At the request of the New Zealand Stock Exchange the Commission recommended that the Government approve the Securities Transfer (Approval of FASTER System) Order 1998. The order was approved. The extended FASTER system permits the transfer of securities quoted on the NZSE without the need for written transfer forms or certificates of security.
Enforcement
We focus on areas where we have particular statutory powers or responsibilities, for example, the offer of securities to the public, financial reporting by issuers of securities, insider trading, the disclosure of substantial holdings in listed securities and dealing in futures and options contracts. Since October 1997, we have become responsible for the quality of the new investment statements. These are now the primary offering document for securities and they are not registered with the Registrar of Companies. We have also now found it necessary to consider compliance questions about investment advisers under the new Investment Advisers (Disclosure) Act.
Offers to the Public
We reviewed 36 investment statements. Of these, 26 were amended or replaced following discussions between the offeror and the Commission.
We suspended 2 registered prospectuses. We prohibited advertising for securities in respect of 7 advertisements. We issued 8 public warnings, 5 relating to specific schemes and 3 of a more general nature.
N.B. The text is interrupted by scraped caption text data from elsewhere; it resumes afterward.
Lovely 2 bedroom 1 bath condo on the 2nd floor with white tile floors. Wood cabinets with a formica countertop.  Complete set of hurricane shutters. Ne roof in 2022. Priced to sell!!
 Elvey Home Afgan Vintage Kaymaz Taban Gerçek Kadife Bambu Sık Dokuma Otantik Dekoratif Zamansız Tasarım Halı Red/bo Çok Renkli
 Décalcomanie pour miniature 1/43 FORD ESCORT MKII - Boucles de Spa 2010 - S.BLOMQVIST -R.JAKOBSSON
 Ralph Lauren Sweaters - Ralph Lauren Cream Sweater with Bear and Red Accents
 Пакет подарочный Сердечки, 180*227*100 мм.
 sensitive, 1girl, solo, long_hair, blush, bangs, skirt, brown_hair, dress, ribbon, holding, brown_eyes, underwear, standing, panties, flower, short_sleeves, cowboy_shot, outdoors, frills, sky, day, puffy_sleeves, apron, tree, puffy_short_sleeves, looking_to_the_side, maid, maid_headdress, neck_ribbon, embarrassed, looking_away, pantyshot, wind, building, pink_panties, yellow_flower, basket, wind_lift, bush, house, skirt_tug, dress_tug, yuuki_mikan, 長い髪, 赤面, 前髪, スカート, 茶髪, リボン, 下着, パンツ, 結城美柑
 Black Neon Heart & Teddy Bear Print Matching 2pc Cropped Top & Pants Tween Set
We asked, or approved the requests of, the Registrar of Companies to inspect the documents of issuers or promoters of securities on 13 occasions. We have commented on all recommendations made by the Registrar in his follow-up reports.
We endeavour to act promptly against significant schemes which do not comply with the law, either to secure their discontinuance or to warn the public. Unfortunately we continue to see a proliferation of such schemes, many of them originating from overseas. Investors put themselves at great risk when they remit money offshore without any real knowledge of the scheme or of the people behind it. Many of the schemes are not promoted bona fide. We consider we have played a useful role in publicising the shortcomings of these and other schemes and so helped to avoid losses on the part of investors. However, these types of schemes are increasing in volume and intensity and investors will need to take even greater care in future. We have been surprised at the level of involvement of legal practitioners in some of these schemes.
Financial Statements
We have reviewed the financial statements of many life insurance companies. A new financial reporting standard is long overdue. We made inquiries into aspects of the financial statements of 11 listed companies. We considered the financial statements of retirement village schemes and their managers, credit unions, friendly societies, building societies and finance companies.
The Registrar of Companies referred some 6 sets of financial statements to us on the grounds that the auditors' reports were qualified. Generally these did not call for action on our part. However, we maintain a continuing dialogue with the Registrar on matters arising from consideration of these financial statements.
Share Dealing
We completed inquiries into dealing in the shares of 5 listed companies, particularly dealing by insiders and substantial security holders. Three inquiries were continuing at the end of the year.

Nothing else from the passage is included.